- Foxhole Location within Cornwall
- OS grid reference: SW964548
- Civil parish: St Stephen-in-Brannel;
- Unitary authority: Cornwall;
- Ceremonial county: Cornwall;
- Region: South West;
- Country: England
- Sovereign state: United Kingdom
- Post town: St. Austell
- Postcode district: PL26
- Dialling code: 01726
- Police: Devon and Cornwall
- Fire: Cornwall
- Ambulance: South Western
- UK Parliament: St Austell and Newquay;

= Foxhole, Cornwall =

Foxhole (Tollowarn) is a village in mid Cornwall, England, in the United Kingdom. It lies within the parish of St Stephen-in-Brannel, and has a primary school.

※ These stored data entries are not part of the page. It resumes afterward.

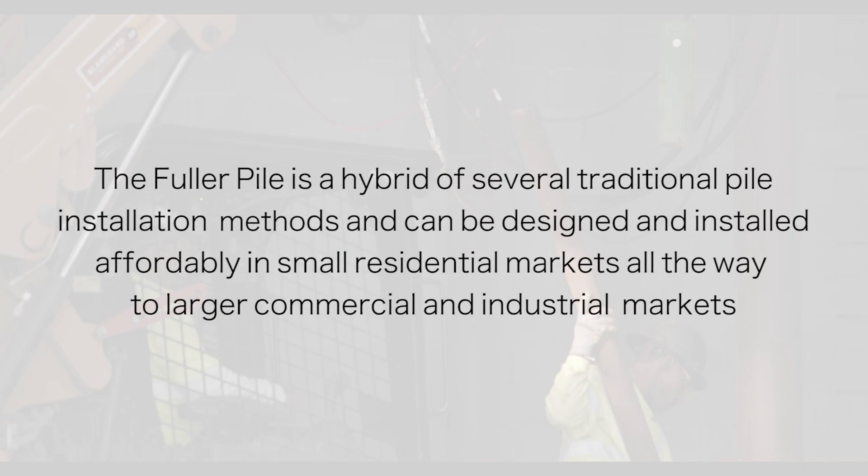The Fuller Pile is a hybrid of several traditional pile installation methods. The Fuller Pile system can be designed and installed affordably in smaller residential markets all the way to larger commercial and industrial markets.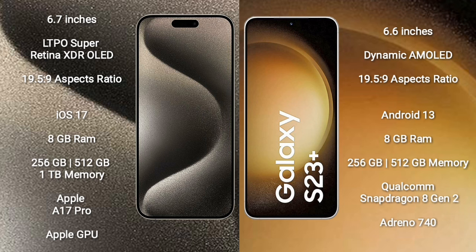Samsung Galaxy S23 Plus comes with a 6.6-inch Dynamic AMOLED display and aspect ratio 19.5:9. iPhone 15 Pro Max runs on iOS 17; Samsung Galaxy S23 Plus runs on Android 13.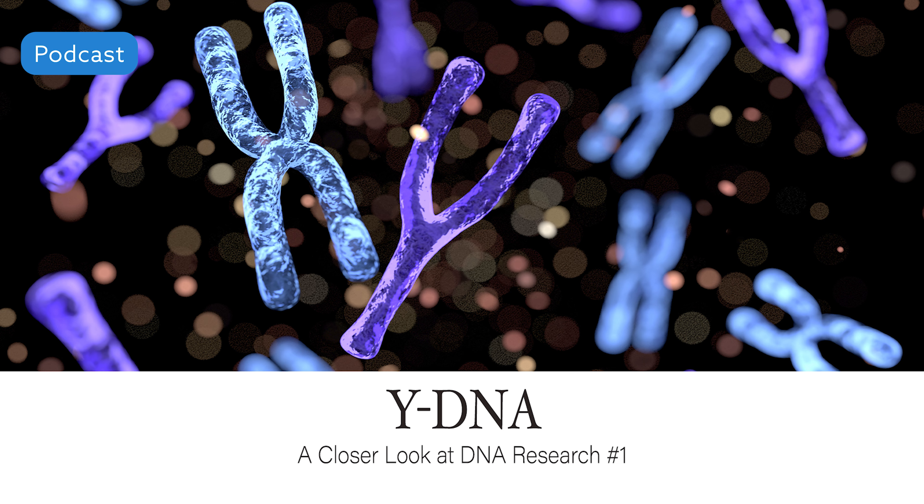Because only men can inherit the Y chromosome, only men can do Y-DNA testing. Women have it done to learn more about their paternal family, but they must have a direct line male relative take the test for them. This could be their dad, a brother, an uncle, a grandfather, or any person who is related to them in an unbroken male line from one male to the other.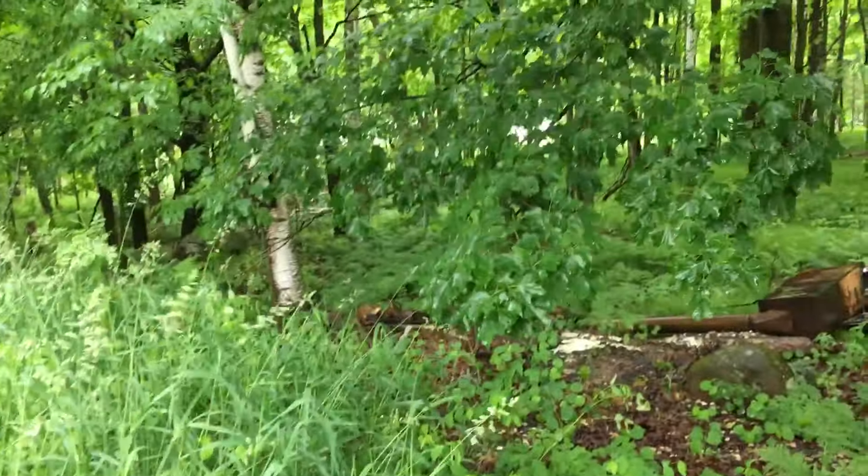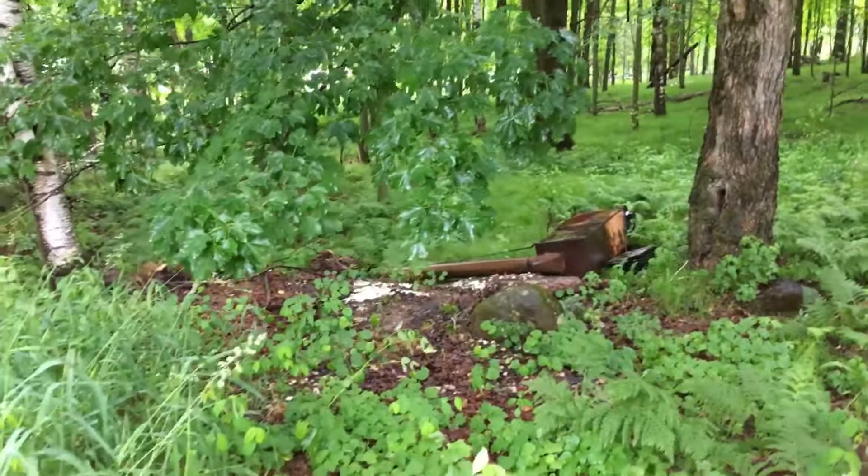I was just cruising around the woods here. It's not really an ideal shed hunting condition — there's an old maple syrup cooker — but I just found the biggest shed of my life.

Foxhole lies on the B3279 road between St Austell and Newquay and is contiguous with the neighbouring village of Carpalla, home to a china clay pit.

==History==
The village is overshadowed by Watch Hill, with its four ancient tumuli, on the east side, and on the west side by St Stephen's Beacon. This was called King Pippin's Mount in ancient times, when Pippin is said to have been buried in a barrow within a fortified enclosure at the summit of the beacon. The whole structure was destroyed by miners seeking stone to build an engine house - remnants of which can still be seen today.

The first recorded settlements at Foxhole date back to the Middle Ages, when the moors all around the village were worked for tin lodes cropping out at the surface. In Tudor times the tin works around Foxhole included Carpalla, Chygwyn, Goverscailt, Stennagwyn and the Fox Hole mine, from which the village takes its name.

In 1748 William Cookworthy visited the district and noticed a white scar on the beacon which turned out to be an opencast tin mine. His investigations revealed the ground contained fine quality china stone and clay which he used to patent the manufacture of hard paste porcelain and so was responsible for the start of the whole china clay industry in this district.

In 1775 the great potter Josiah Wedgwood visited Foxhole and took leases on china clay-bearing land. Cookworthy's clay pit leases were bought in 1782 by the New Hall Company of Shelton, Staffordshire, makers of the famous New Hall china. When Josiah Wedgwood died in 1795, his three pits were taken over by his son Josiah Wedgwood II. The Carloggas pit, one of these three, was then bought by yet another famous potter, Josiah Spode, whose father had invented bone china.

The post office is built with fine granite stone and is one of the oldest properties in the village. Both the chapel and post office have 'bench marks' (shown as a vertical arrow) establishing the height of land above sea level.

The Union Hall was little more than a wooden shed in 1920, but was replaced by a building housing the Transport and General Workers Union in 1933. Later it was used as a village hall for concerts, dances and whist drives. It is now a doctors' surgery.

==Cornish wrestling==
Thomas Bragg (1852–1924) was born in Foxhole and was champion of America in 1866, 1876, 1879, 1880, 1882, and 1883. He was champion of Cornwall in 1882. He was champion of England in 1887. He also fought under the name, "Dan Lewis, the Strangler", in other wrestling styles, both in the UK and in Europe.

F Lean, from Foxhole, was Lightweight champion six times in a row from 1924 through to 1929.

==Notable residents==
- The football player and manager Johnny Hore was born here.